Personal information
- Born: May 1, 1987 (age 39) College Park, Georgia, U.S.
- Listed height: 5 ft 11 in (1.80 m)
- Listed weight: 197 lb (89 kg)

Career information
- College: South Carolina

Career history
- 2009: San Francisco 49ers*
- 2009: Saskatchewan Roughriders
- 2010: Edmonton Eskimos*
- 2011–2012: Hamilton Tiger-Cats
- 2013–2014: Saskatchewan Roughriders
- * Offseason or practice squad member only

Awards and highlights
- Grey Cup champion (2013);
- Stats at CFL.ca

= Carlos Thomas =

American gridiron football player (born 1987)

Carlos Thomas (born May 1, 1987) is an American former professional football defensive back. He was signed by the San Francisco 49ers as an undrafted free agent in 2009.

==College career==
Thomas played college football at South Carolina.
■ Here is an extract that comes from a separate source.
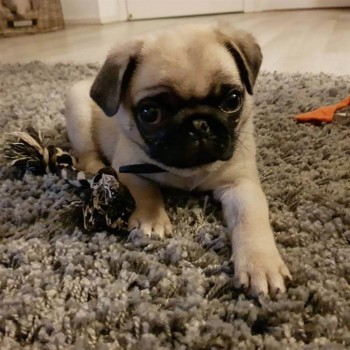 Two Beautiful Kc Pug Boys For Sale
He played 48 games, recording 60 tackles, 2.5 Tackles for loss, 12 Passes defended and 6 interceptions.

==Professional career==

===San Francisco 49ers===
After he went undrafted in the 2009 NFL draft, he was signed by the San Francisco 49ers as an undrafted free agent. He was waived on August 30.

===Saskatchewan Roughriders===
On October 20, 2009, he was signed by the Saskatchewan Roughriders and placed on their Developmental Squad.